Nb(2)O(5) Nanoparticles Anchored on an N-Doped Graphene Hybrid Anode for a Sodium-Ion Capacitor with High Energy Density

[Image: see text] Sodium-ion capacitors (SICs) have gained great interest for mid- to large-scale energy storage applications because of their high energy and high power densities as well as long cycle life and low cost. Herein, a T-Nb(2)O(5) nanoparticles/N-doped graphene hybrid anode (T-Nb(2)O(5)/NG) was prepared by solvothermal treating a mixed ethanol solution of graphene oxide (GO), urea, and NbCl(5) at 180 °C for 12 h, followed by calcining at 700 °C for 2 h, in which T-Nb(2)O(5) nanoparticles with average size of 17 nm were uniformly anchored on the surface of the nitrogen-doped reduced GO because their growth and aggregation were hindered, and also, the electronic conductivity and the active sites of T-Nb(2)O(5)/NG were improved by doping nitrogen.
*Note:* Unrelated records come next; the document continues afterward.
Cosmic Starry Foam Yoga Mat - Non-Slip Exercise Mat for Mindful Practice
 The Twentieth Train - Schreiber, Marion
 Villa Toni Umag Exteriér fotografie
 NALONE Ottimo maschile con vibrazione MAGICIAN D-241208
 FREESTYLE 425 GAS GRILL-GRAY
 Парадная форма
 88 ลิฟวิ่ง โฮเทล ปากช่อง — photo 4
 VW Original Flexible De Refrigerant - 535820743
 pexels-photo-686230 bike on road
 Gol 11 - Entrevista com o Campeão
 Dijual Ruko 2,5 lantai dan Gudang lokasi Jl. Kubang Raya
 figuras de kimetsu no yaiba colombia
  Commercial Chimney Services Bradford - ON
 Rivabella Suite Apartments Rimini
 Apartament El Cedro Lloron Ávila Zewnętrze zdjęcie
The T-Nb(2)O(5)/NG anode showed superior rate capability (68 mA h g(–1) even at 2 A g(–1)) and good cycling life (106 mA h g(–1) at 0.2 A g(–1) for 200 cycles and 83 mA h g(–1) at 1 A g(–1) for 1000 cycles) and also showed high-rate pseudocapacitive behavior from kinetics analysis. A novel SIC system had been constructed by using the T-Nb(2)O(5)/NG as anode and commercially activated carbon as the cathode; it delivered an energy density of 40.5 W h kg(–1) at a power density of 100 W kg(–1) and a long-term cycling stability (capacity retention of 63% after 5000 consecutive cycles at a current density of 1 A g(–1)) and showed a promising application for highly efficient energy storage systems.